Malgré plusieurs scandales sur l’imposition des multinationales, les banques européennes n’ont pas réduit leur présence dans les paradis fiscaux ces dernières années, selon une étude publiée hier. Mais elles se défendent en affirmant déclarer leurs bénéfices dans les pays où ils sont réalisés. Les principales banques européennes enregistrent chaque année 20 milliards d’euros, soit 14 % de leurs bénéfices totaux, dans 17 territoires à la fiscalité particulièrement favorable, a calculé l’Observatoire européen de la fiscalité, bureau de recherche indépendant hébergé à l’École d’économie de Paris. Ce pourcentage est resté stable depuis 2014, malgré plusieurs scandales ayant révélé les pratiques douteuses des multinationales pour échapper à l’impôt.

«Malgré l’importance croissante de ces questions dans le débat public et dans le monde politique, les banques européennes n’ont pas réduit de manière significative leur recours aux paradis fiscaux», affirme cet organisme qui est financé par la Commission européenne et dirigé par l’économiste français Gabriel Zucman, spécialiste de ces questions. L’Observatoire a passé en revue les données publiées par 36 établissements financiers sur la période 2014-2020. Il identifie 17 États et territoires comme des destinations privilégiées, parmi lesquels les Bahamas, les Îles vierges britanniques, les Îles Caïmans, Jersey et Guernesey, Gibraltar, Hong Kong, Macao, Panama ou encore les États membres de l’UE que sont Malte et le Luxembourg. «Les bénéfices comptabilisés dans les paradis fiscaux sont anormalement élevés : 238 000 euros par employé, contre 65 000 euros dans les autres pays. Cela suggère que les profits enregistrés dans les paradis fiscaux sont essentiellement déplacés depuis d’autres pays où a lieu la production de services», estiment les experts de l’Observatoire.

Les banques se défendent

Parmi les grandes banques, ils identifient HSBC comme la championne de ces pratiques. Plus de 62 % de ses bénéfices avant impôt ont été comptabilisés dans des paradis fiscaux entre 2018 et 2020, contre 49,8 % pour l’italienne Monte dei Paschi (BMPS) qui arrive en deuxième position. Standard Chartered (29,8 %) complète le podium. Les allemandes Deutsche Bank et NordLB arrivent en 4e et 5e position.

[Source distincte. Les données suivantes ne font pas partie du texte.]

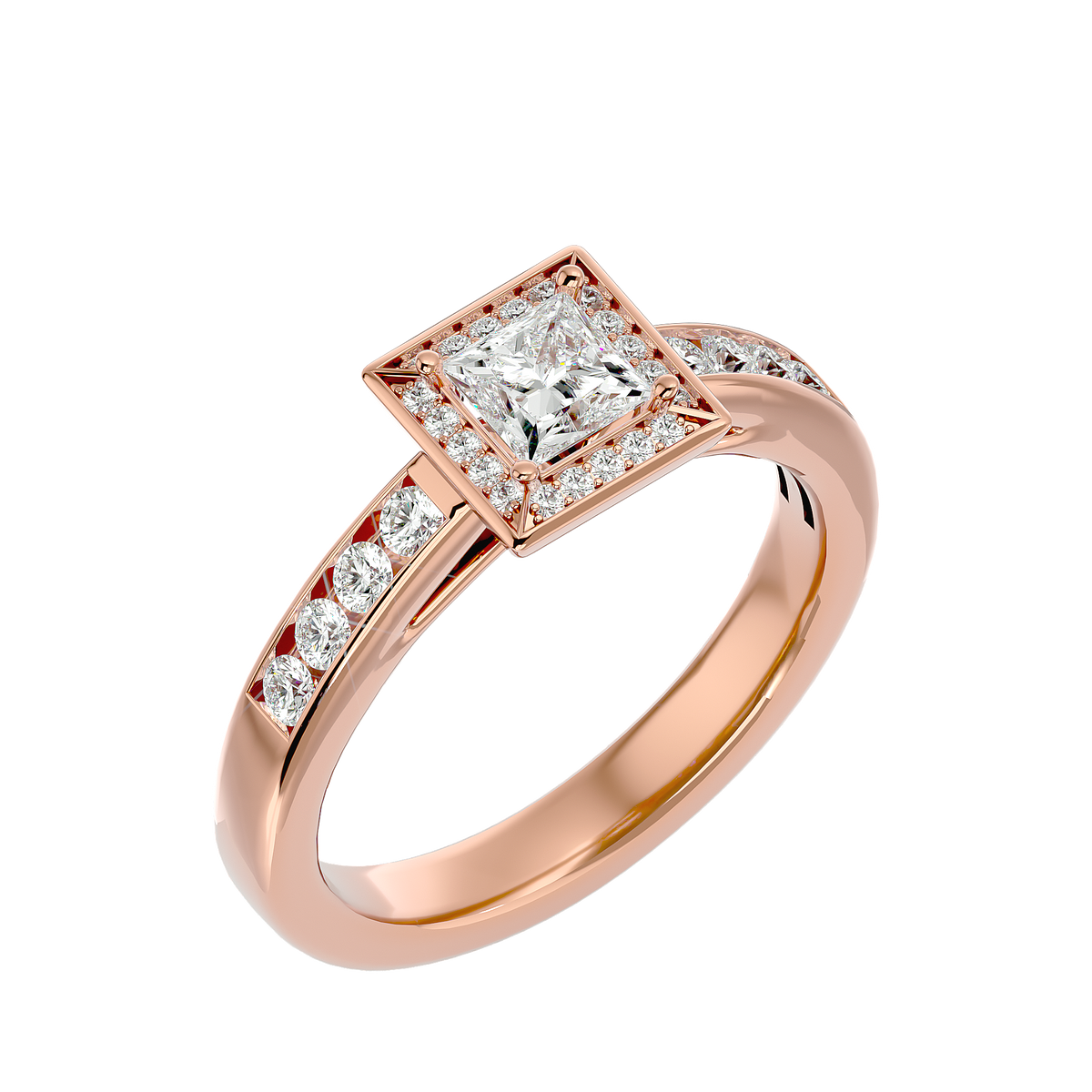 Delilah Solitaire Halo Ring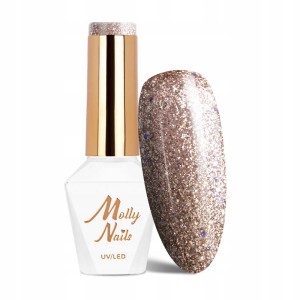 Molly Nails Queens Of Life Nr 35 High Fashion HEMA/Di-HEMA Free Brokatowy lakier hybrydowy LED/UV Gel Polish 8g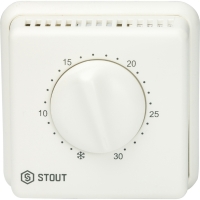 купить Комнатный термостат Stout TI-N с переключателем зима-лето и светодиодом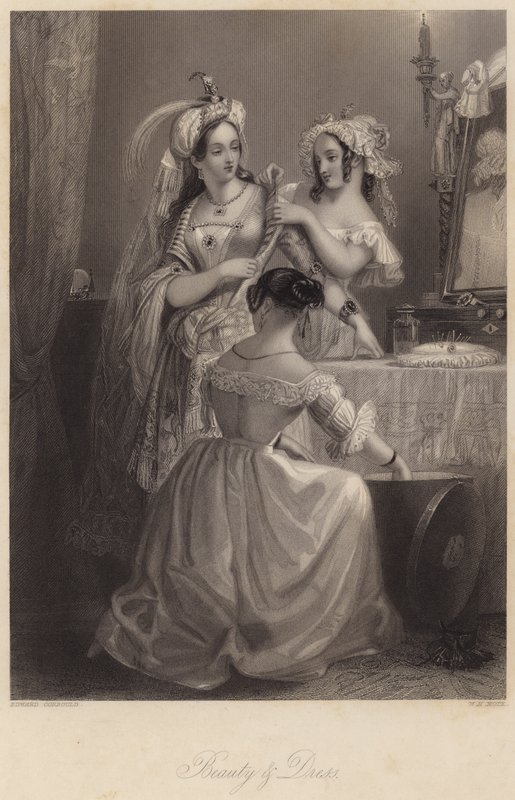 Beauty and Dress by Edward Henry (after) Corbould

«HSBC est la plus grosse banque à Hong Kong avec 30 000 employés, et du fait de notre héritage, de la taille des opérations et de la stratégie, une proportion significative des bénéfices du groupe continue de se réaliser ici», s’est défendue la banque britannique. Son homologue Standard Chartered a déclaré ne pas transférer «artificiellement» ses bénéfices dans des pays faiblement imposés. «Nous avons une activité mondiale et nous opérons commercialement à la fois dans des juridictions à forte et faible imposition», a déclaré le groupe. Deutsche Bank rappelle pour sa part que sur les 60 pays dans lesquels elle opère, aucun n’est présent sur la liste européenne des pays non coopératifs. Elle ajoute que ses bénéfices sont taxés là où ils sont réalisés.

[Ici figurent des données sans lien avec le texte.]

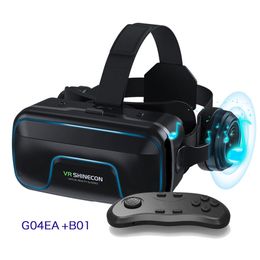 VR Glasses Helmet 3D Virtual Reality Headset For 5572 inch Smartphone Smart Phone Goggles Video Game Binoculars 230420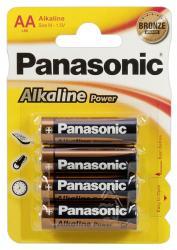 Blister 4 batterie stilo Panasonic AA alcaline.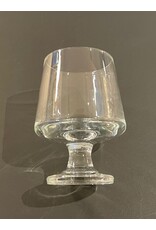 PAIR OF 1950's STACKABLE STUB TAPERED LIQUER STEM GLASSES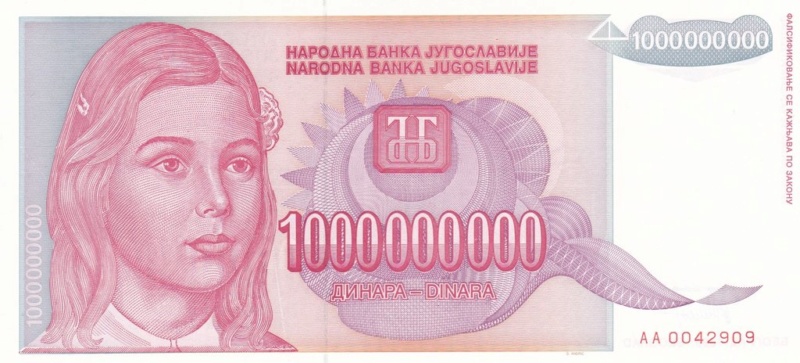 Los billetes con muchos "0000´s " 10000010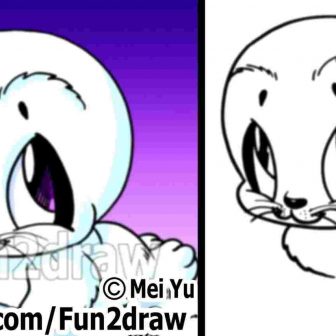 336x336 Polar Bear Drawing Tutorial Outline Awesome Arctic Easy Cute I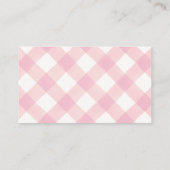 ピンクボウフローラコケット赤ちゃんシャワーエンクロージャ エンクロージャーカード (裏面)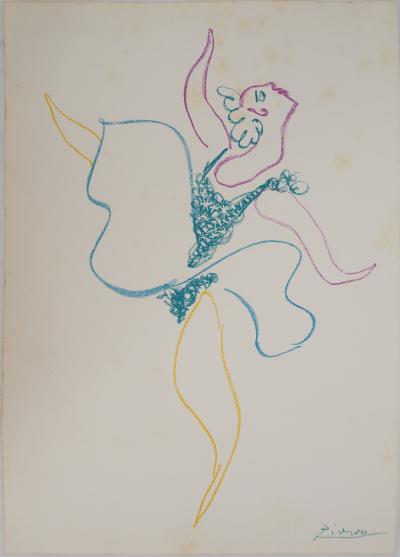 Pablo PICASSO : Le ballet - Lithographie originale signée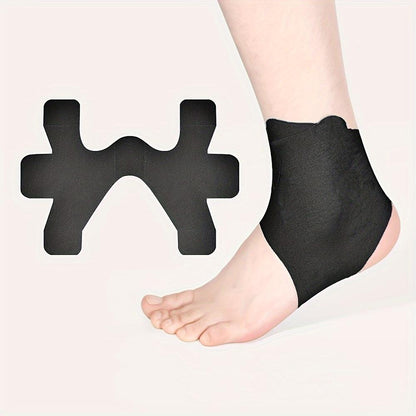 10pcs Kinesiology Ankle Support Tape - Waterproof, Skin-Friendly Athletic Wrap for Muscle Strain Relief & Injury Prevention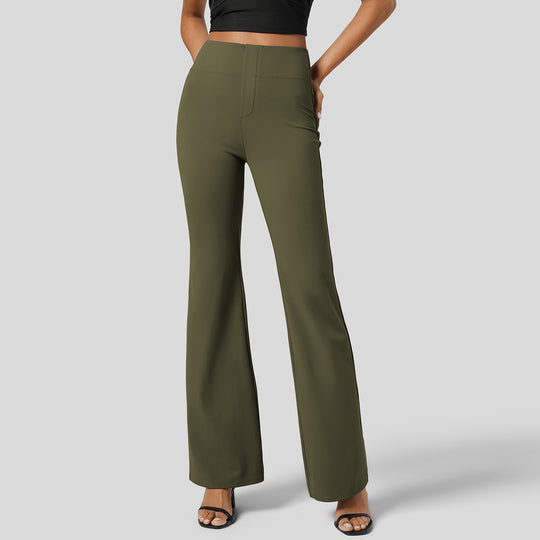 Damen Elegante und bequeme hoch geschnittene Hose EB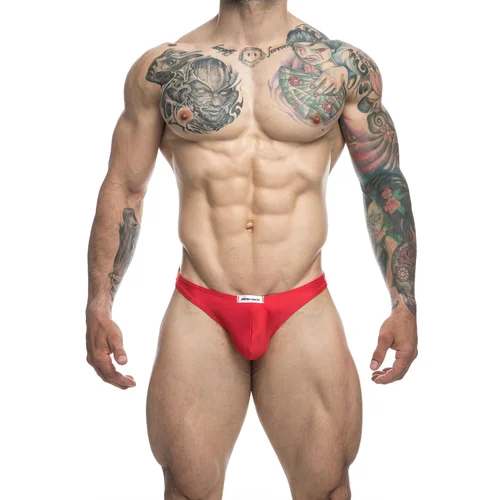 Justin+Simon Classic Tanga Red XL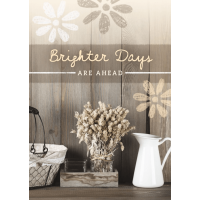 Brighter Days, Encouragement Card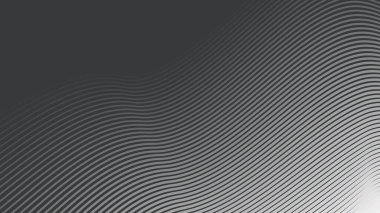 Arkaplan veya sunum için eğri çizgisi olan koyu gri soyut arkaplan
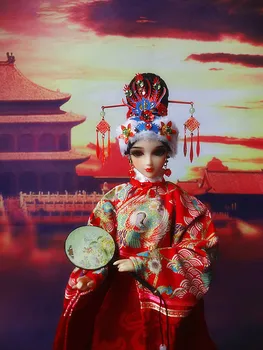 1/6 kolekcjonerskie chińskie lalki Qin Лянью rocznika etniczne lalki BJD dynastii Ming dziewczyna zabawki Świąteczny prezent pamiątka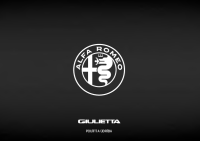 Alfa Romeo Giulietta - Navod k obsluze CZ 2019 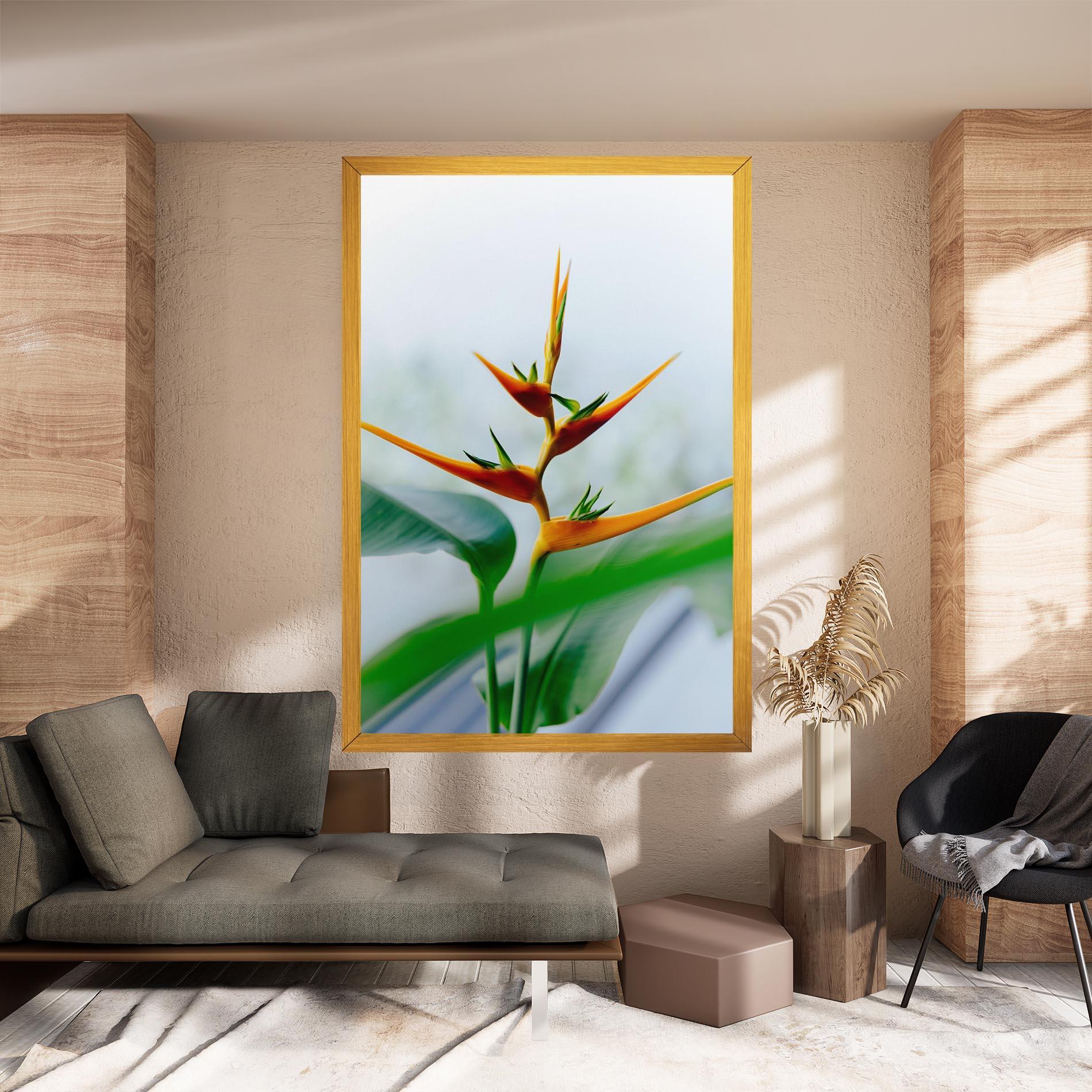 Картина на платно Exotic Orange Green mockup 8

Monte dei Paschi a assuré que l’étude «ne représente pas correctement la réalité de BMPS car elle est basée sur des informations incomplètes», dans la mesure où elle a «vraisemblablement» pris en compte «seulement le bénéfice déclaré au Luxembourg en 2018» sans intégrer «la perte d’un montant similaire» déclarée dans ce pays en 2017. Du côté des établissements français, Société générale – qui n’a pas souhaité commenter – est la plus exposée, avec 13,8 % de ses profits dans les paradis fiscaux. Ses compatriotes Crédit agricole et BNP Paribas pointent respectivement à 11,5 % et 6,9 %. Mais les trois groupes ont réduit leur activité dans ces pays par rapport à la période 2014-2016, selon le bureau d’études.

Les scandales LuxLeaks, en 2014, puis Panama Papers ont placé le sujet de l’évasion fiscale sur le devant de la scène et provoqué un durcissement des obligations de transparence financière. Des négociations sont en cours à l’OCDE pour une imposition minimum des profits des multinationales afin de lutter contre les paradis fiscaux. L’Observatoire estime qu’un taux minimum de 15 % sur les banques permettrait de générer 3 à 5 milliards d’euros de recettes supplémentaires pour les pays européens. Ces chiffres tripleraient pour atteindre 10 à 13 milliards avec un taux de 25 %.